24.01.2015 | Halya Coynash 

Crimean Tatar rights activist ‘deported’ from his native Crimea


The Crimean authorities under Russian rule have ‘deported’ a Crimean Tatar activist with Ukrainian citizenship, Crimean registration, but with views and a concern over human rights violations that the occupation regime clearly finds inconvenient.  The message this sends any Crimean is chilling.

Under Stalin the entire Crimean Tatar people were deported from their homeland.  Later the Soviet Union deported those like Alexander Solzhenitsyn it could not imprison with impunity, or – like Petro Grigorenko - stripped them of their citizenship while abroad. The latter methods, with little or no pretence of legality, are now being used in Russian-occupied Crimea. 

In the early hours of Jan 23 the three coordinators of the Crimean Tatar Rights Committee – Sinaver Kadyrov; Eksender Bariyev and Abmedzhyt Suleymanov – were stopped by Russian border guards at the Armyansk Crossing as they attempted to cross into mainland Ukraine.  They were due to fly to Istanbul from Kherson that afternoon.   Only Bariyev and Suleymanov, both members of the Crimean Tatar Mejlis or representative assembly, were able to make the flight.

All three were held for some time before being summoned one by one to FSB [Russian security service] officers who drew up protocols in which it was claimed that as ‘foreign nationals’, they had infringed the rules for being in Crimea which under Russian occupation is governed by Russian legislation.

All have Ukrainian passports and Crimean registration [‘propiska’] but are being treated as ‘foreign nationals’ because they have not assumed Russian citizenship. 

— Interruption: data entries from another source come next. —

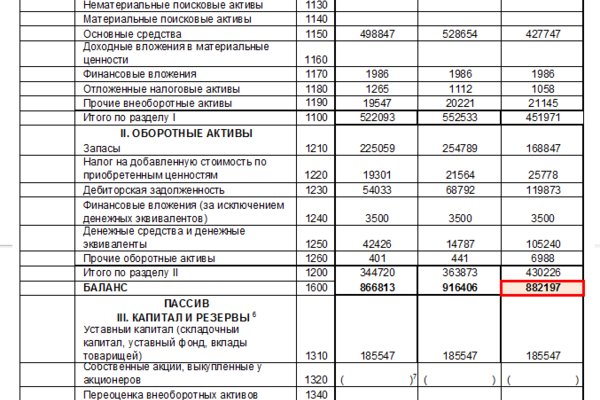 Кракен даркнет сайт на русском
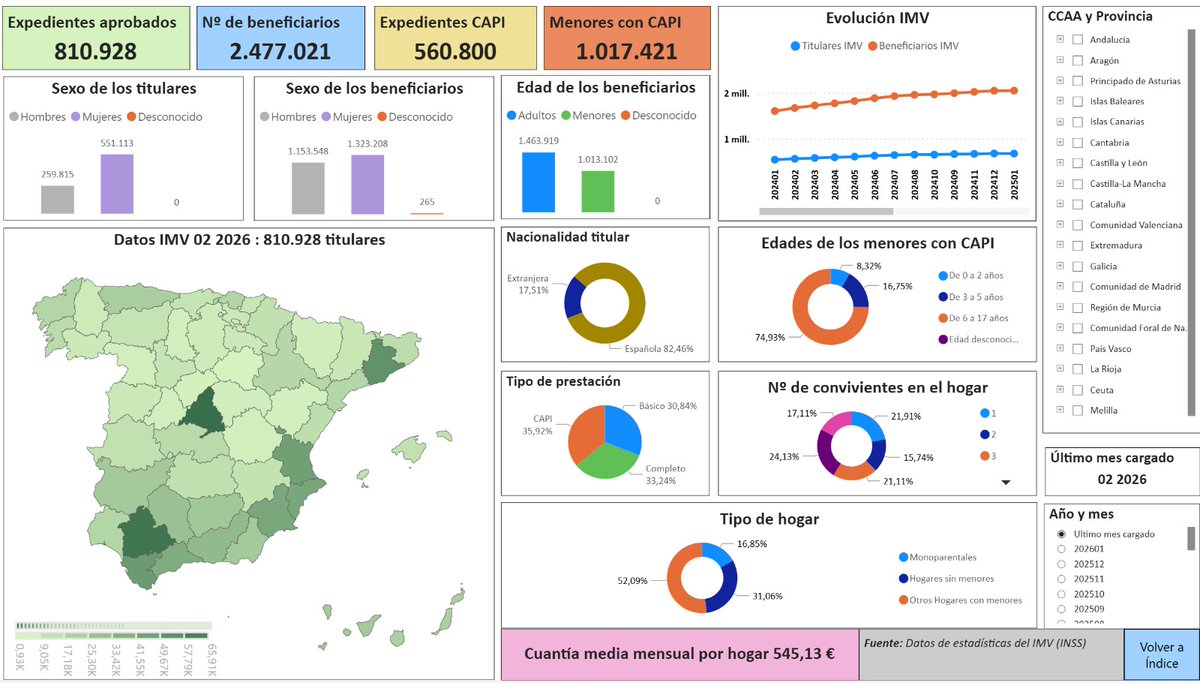 ElenaRodNavarro's tweet image. La innovación arranca en 2020 con el #IMV:

🫂 No es solo una prestación; es una reforma estructural del sistema que:
🔹Mitiga la pobreza
🔹Actúa como palanca para la #inclusión a través del Laboratorio

En 6⃣ años ha protegido a 1,2 millones de hogares y 3,5 millones de personas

According to Russian law, ‘foreign nationals’ may not stay on Russian territory [including Russian-occupied Crimea] for more than 90 days.  In practice that normally means without crossing the border to get the relevant arrival date in your passport.  Radio Svoboda’s Crimean Service points out that Friday’s detention and then deportation refute the assurances given that people retaining Ukrainian citizenship would not be stopped from living in Crimea.

All three men were, even under Russian law, legally in Crimea, yet only the two members of the Mejlis were finally allowed to proceed.  Sinaver Kadyrov had crossed into mainland Ukraine in November, meaning that he was well within the (Russian) law.

The fact that he was legally in Crimea was ignored first by the FSB, then by the court in Armyansk.  The latter also refused to even consider Kadyrov’s application for the hearing to be postponed as he was travelling to Istanbul for an examination following a heart operation.   A ruling was produced within 20 minutes, without a lawyer being present. The court imposed a two thousand rouble fine for supposedly having committed an ‘administrative offence’ and ordered his ‘administrative removal from the Russian Federation’. 

Kadyrov’s wife Emine khanum told QHA that her husband had been given 10 days to pay the fine, but removed from Crimea immediately. Although her husband last left Crimea in November, the FSB and court claimed that the last time he’d crossed the border was Sept. 29.  She says that they have their own mathematics and do what they want regardless of the law. 

She promises that they will appeal the deportation, but clearly does not expect a positive outcome.

It is difficult not to share her pessimism.  Three Crimean Tatar rights activists were stopped at the border crossing.  All were within the law, yet two were allowed through and one deported from his native Crimea. 

The occupation regime has received deservedly bad press over its overt attempts to crush the Mejlis and 5-year-bans imposed on three people closely associated with it: veteran Crimean Tatar leader Mustafa Dzhemiliev; the head of the Mejlis, Refat Chubarov; and Ismet Yuksel, advisor to the Mejlis.   This is one possible reason why Kadyrov, the only non-member of the Mejlis was targeted.

Or it may be as banal as that one target only was required, and any of the three would do.  Not even a week had passed since participants in a conference organized by the Crimean Tatar Rights Committee sent an appeal to the UN Secretary General over grave violations of Crimean Tatar rights.  The conference went ahead despite major attempts by titushki or government-paid thugs to disrupt it.  There have been other attacks on the members of the Committee, including Kadyrov.  The deportation of all three would certainly have attracted too much adverse publicity.

The deportation from his native Crimea of one Ukrainian citizen and member of the Crimean Tatar national and human rights movement is also profoundly scandalous and warrants the widest attention. Kadyrov is doubtless right in calling this a “test run” and a threatening message about what people can expect if they don’t ‘behave themselves.’  

Under Russian occupation, it seems, they can expect persecution, imprisonment or deportation.